“A multilingual and relatively young, flexible environment” with a winning combination of “professional and academic lecturers” — that’s how graduate Claudia Fiore describes her impression of the University of Luxembourg. She had completed a bachelor’s in Economics and Management in her home country Italy before realising that she wanted to earn an advanced degree. Her goal? To find an institution that would give her a truly international experience.
After conducting some research, she decided on the University of Luxembourg. Similar to the city it’s named after, the University of Luxembourg is quickly making a name for itself as a noteworthy institution in its own right. Times Higher Education has ranked it among the top 25 young universities worldwide as well as the top 300 universities globally. With its small, close-knit community feel, internationally-recognised programmes, and forward-looking, global approach to education, the university offers distinctive undergraduate and postgraduate experiences for any student looking to expand their horizons.
The University of Luxembourg is easily one of the most exciting institutions in Europe to be in for business and economics graduates. Its Faculty of Law, Economics and Finance (FDEF) is in the top-ranked financial centre in Europe, making for a dynamic and cosmopolitan playground for future leaders in the field.
The university’s close links with the city’s many businesses, startups, and financial institutions ensure that most programmes are tailored according to market needs. For example, the Master in Accounting and Audit, which Fiore decided to pursue, was developed in partnership with leading academics and practitioners, offering scientifically-based in-depth knowledge of all specialist areas that are relevant to the fields of accounting and auditing.
That’s not to distract from the university’s emphasis on practical exposure, such as internships and mobility programmes. Take the story of Valentin Roulez, a graduate of the MSc in Finance and Economics programme, for example. He had the opportunity to undertake an internship at the Banque de Luxembourg as part of his studies.
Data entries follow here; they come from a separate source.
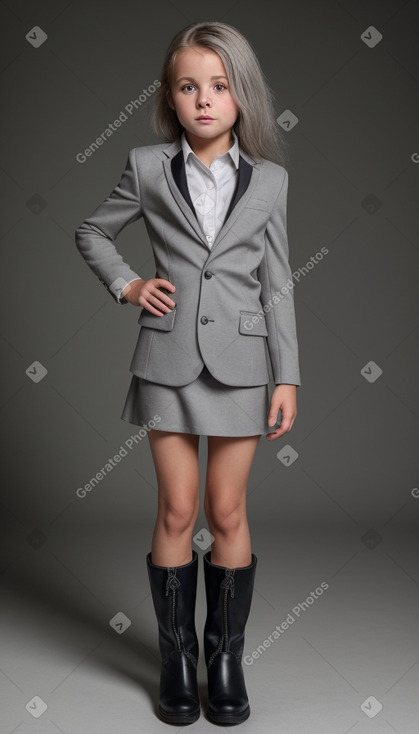 Belgian child girl with  gray hair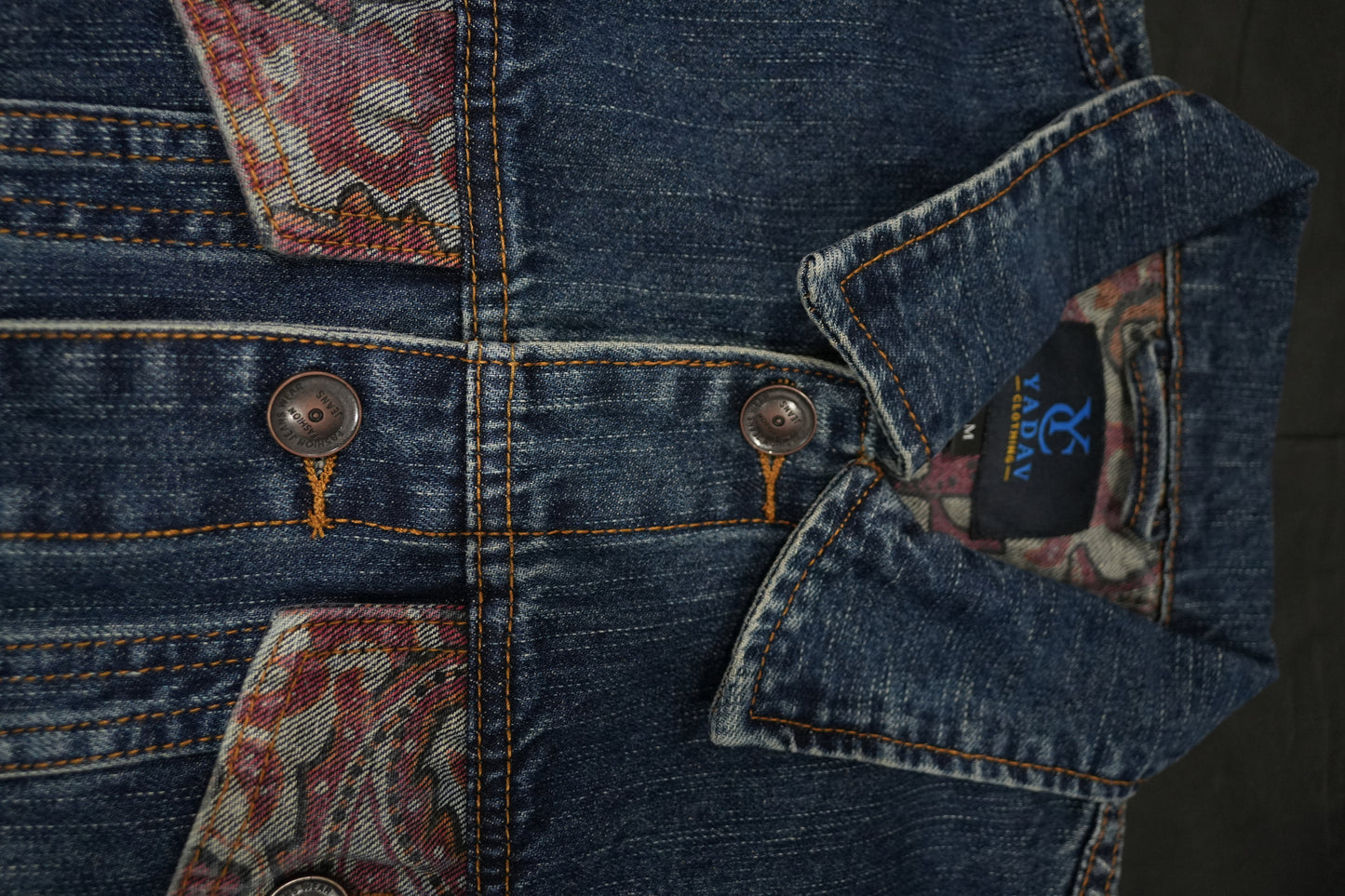 Denim Classic Jacket- Red Texture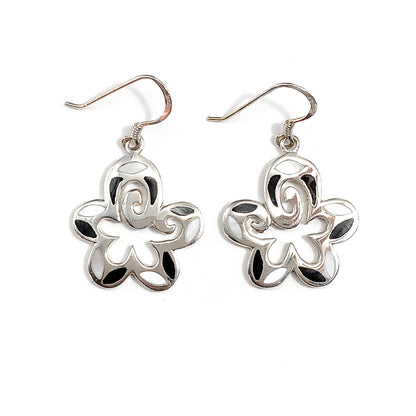 Dangling Black White Flower Sterling Silver Earrings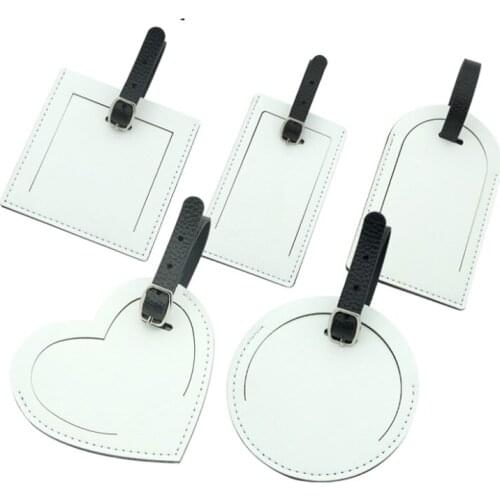 Blank Luggage tag PU Leather Sublimation double sides printable baggage tag 50 pieces/ lot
“The internship allowed me to understand how the theory I learned in class is put into practice,” he shares. “My lectures about the asset and fund management industry helped me understand the functions of depositary banks, transfer agents, distributors, and other players in the fund industry. Looking at the reality of the fund market, I realised just how large and complex the fund industry really is.”
Fiore similarly applied for a student job in finance at the beginning of her year, juggling her work and academics at the same time. “I think that the university has a unique, flexible environment and this encouraged me not to limit myself in my working choices,” she says. She found the Career Centre especially useful. “It is really proactive and there are different organised events to get in touch with companies.”
It’s only natural, then, that the seemingly endless repository of opportunities and experiences offered by the university attracts students from all over the world. At the moment, the university is home to students from 130 nationalities, as well as a diverse community of staff and professors. It is common to find students across the university’s three campuses speaking a multitude of different languages. This gives students here an added advantage: that of being surrounded by a multicultural and inherently international learning environment.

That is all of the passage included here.